Seit seiner Flucht aus Europa gab Garsallaoui in diversen Internetforen regelmäßig Lebenszeichen von sich. Dort nannte er sich „Moez al-Qayrawani“ und veröffentlichte einige lange Traktate u.a. zur politischen Situation in Tunesien nach dem Sturz des Ben-Ali-Regimes. Per E-Mail soll der Dschihadist zudem mit Glaubensbrüdern und Verwandten in Belgien, der Schweiz und Nordafrika kommuniziert haben.

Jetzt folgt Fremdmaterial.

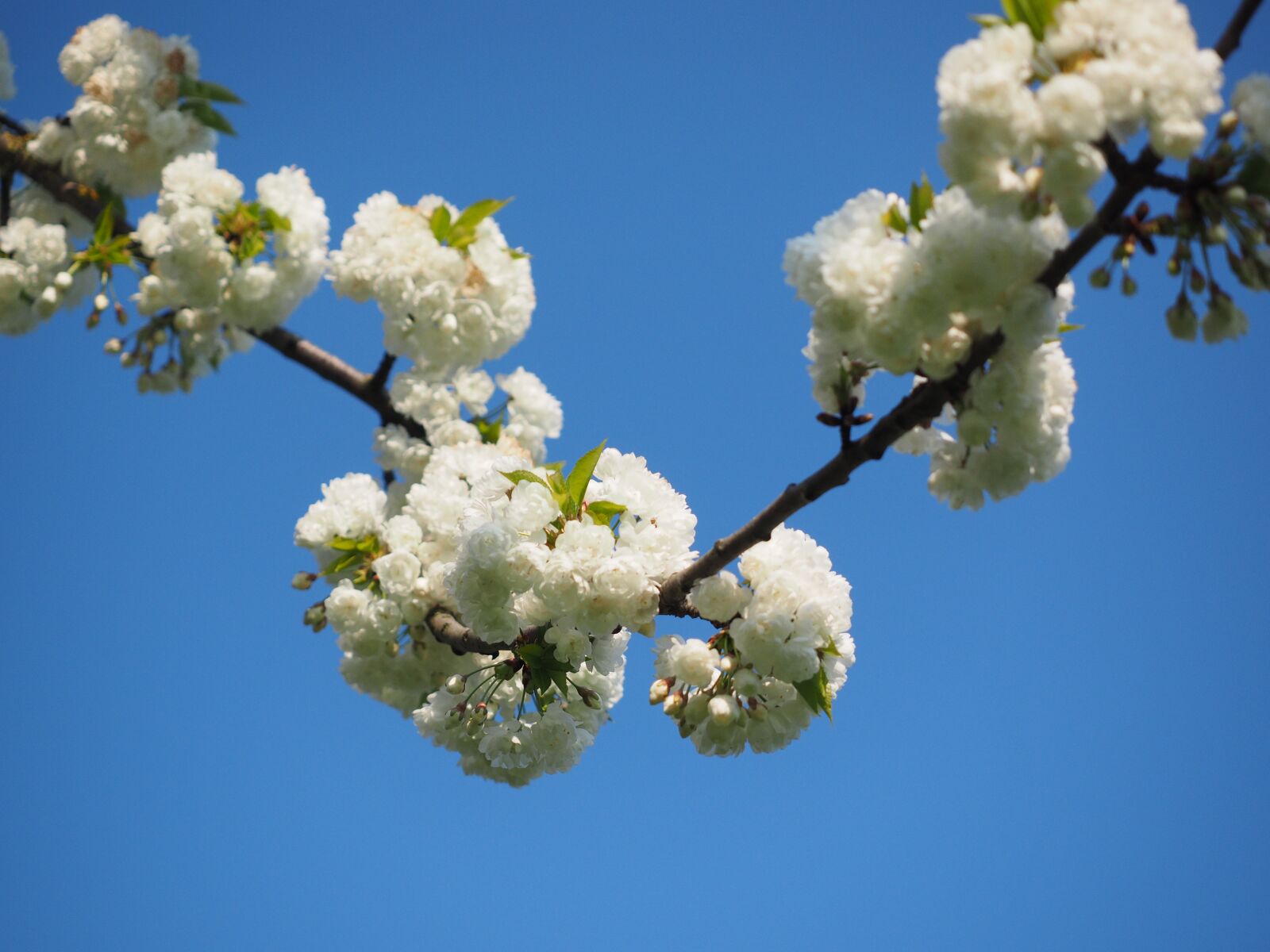 Olympus OM-D E-M1 + Olympus M.Zuiko Digital ED 12-40mm F2.8 Pro sample photo. Cherry blossom, white, cherry photography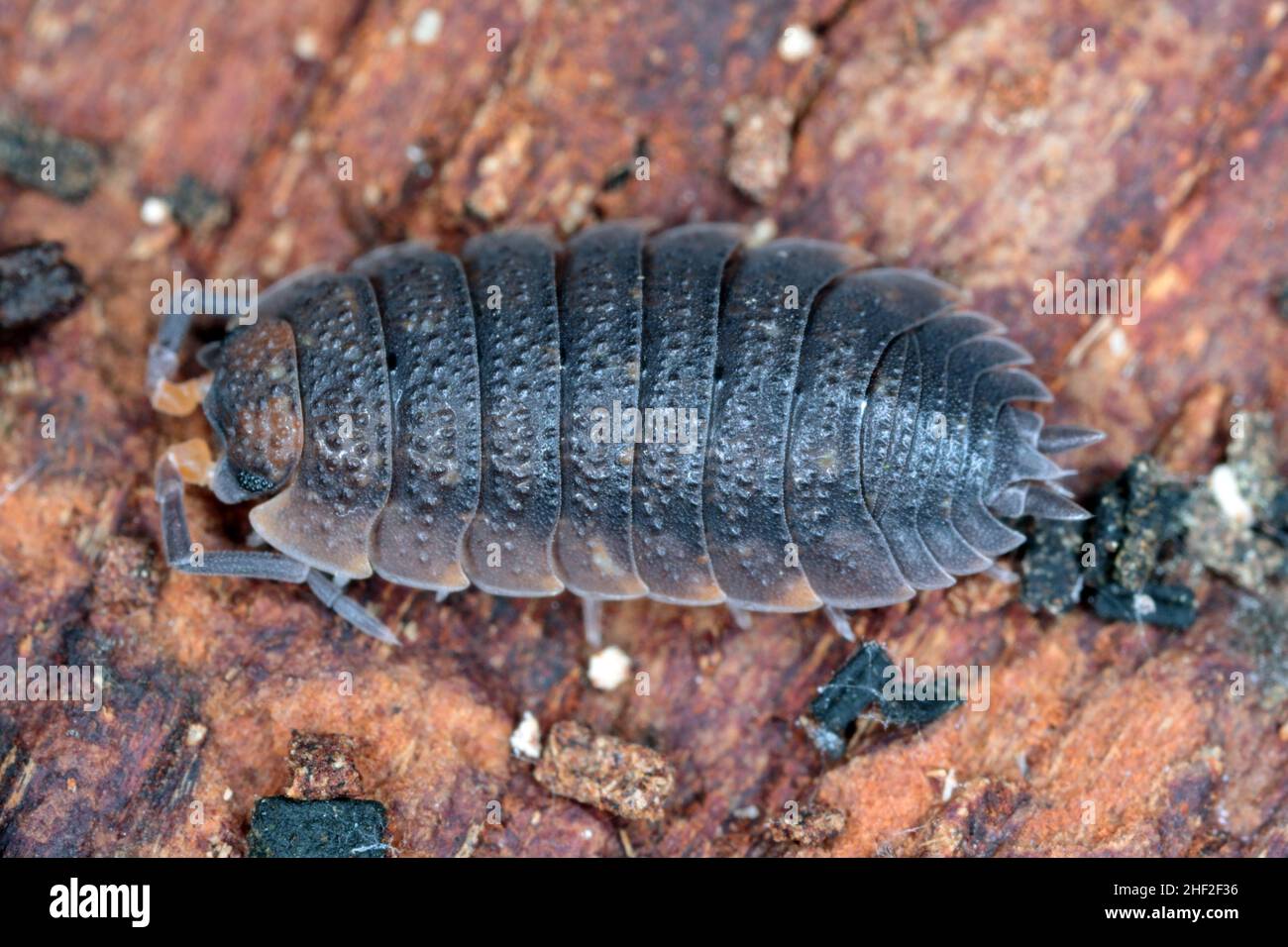 Maisons à bois rugueuses communes, scabre Porcellio sur bois Banque D'Images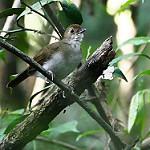 Рыжекрылый дроздовник / Illadopsis rufescens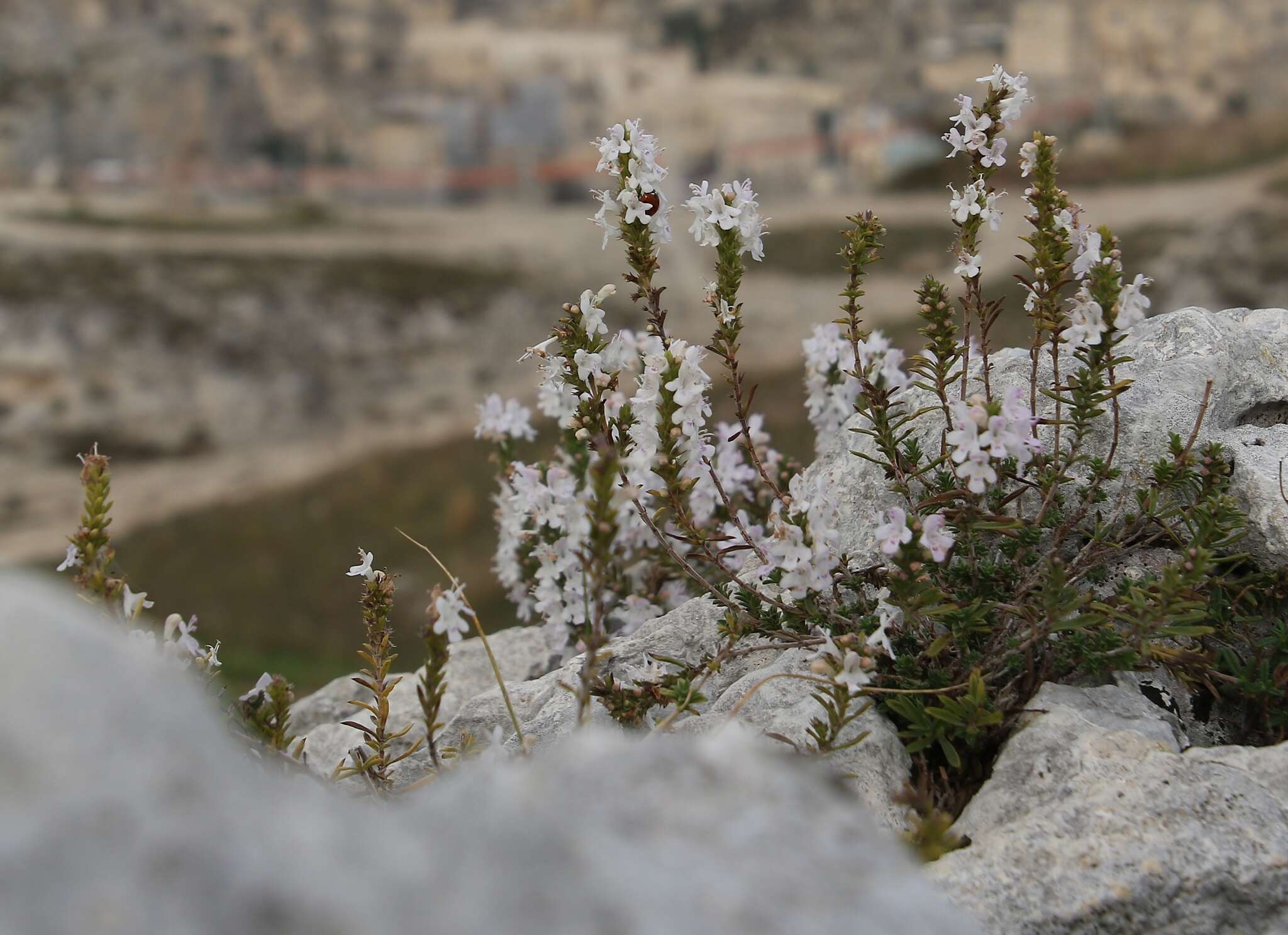 Image of perennial savory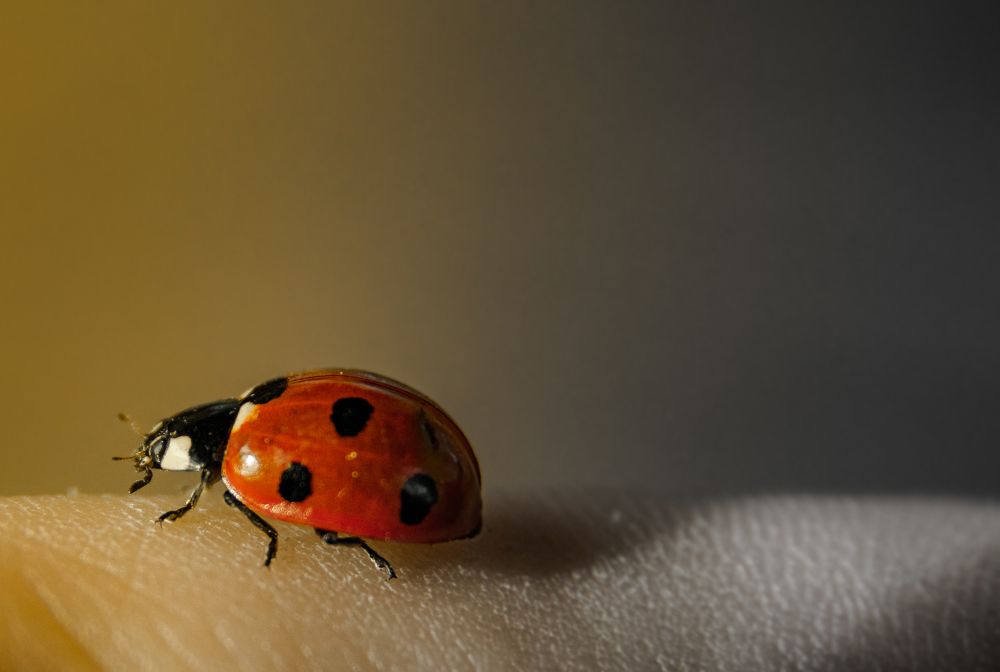 Photograph by Dragan Trosic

Ein Foto, das Garsallaoui seiner Ehefrau vor Jahren in einer E-Mail geschickt hatte, zeigt ihn mit einer Panzerfaust auf der Schulter irgendwo in den Bergen zwischen Afghanistan und Pakistan.

„Das Töten von amerikanischen Soldaten (…) ist kein moralisches Verbrechen für das wir uns schämen“, schrieb Garsallaoui vor drei Jahren in einer E-Mail an einen niederländischen Journalisten, „Ich habe in der Schweiz gelebt, ich will in dieses Land nicht zurückkehren oder irgendwo sonst nach Europa. Ich hoffe ich werde nie dazu gezwungen sein.“

Jetzt soll Moezeddine Garsallaoui tot sein. Dschihadistische Quellen in Pakistan melden, dass der Al-Qaida-Bombenexperte vor kurzem bei einem Luftangriff nahe der pakistanisch-afghanischen Grenze getötet wurde

Garsallaoui sei zuletzt Anführer einer von kasachischen Islamisten dominierten Gruppierung namens „Jund al-Khilafa“ gewesen, heißt es in arabischen Internetforen. Etliche ausländische Kämpfer habe er ausgebildet. Sein Ziel sei es gewesen, selbst wieder nach Tunesien oder Europa für Dschihad-Aktivitäten zurück zu kehren.

Zuletzt sorgte der Dschihadst aus der Schweiz Herbst 2011 für Schlagzeilen. Damals tauchten mehrere Geiselvideos eines Schweizer Touristen-Paares auf, die im Juli 2011 im Süden Pakistans von Taliban-Kämpfer entführt worden waren. In einem der Videos waren bewaffnete Islamisten zu sehen, die hinter dem am Boden sitzenden Geiseln standen. Einer der Kämpfer stand etwas abseits. Als einzige Person hatte er ein verpixeltes Gesicht.

Da die beiden entführten Touristen aus Bern in dem Video in englischer Sprache sondern in Mundart um ihre Freilassung flehten, spekulierten Medien und Sicherheitsbehörden, der verpixelte Mann könnte womöglich die Funktion eines Dolmetschers haben. Vielleicht sei die Person vor Ort gewesen um den Text der Geiseln zu kontrollieren und für die Taliban zu übersetzen. Folglich müsse es sich um jemanden handeln der Schweizerdeutsch versteht – möglicherweise Moez Garsallaoui.

Die später freigelassenen Schweizer Geiseln klärten in der Vernehmung durch die Behörden schließlich auf, dass die verpixelte Person ihr Aufpasser war und nicht Garsallaoui. Der Islamist selbst dementierte über Internetnachrichten seine Verwicklungen in die Entführung.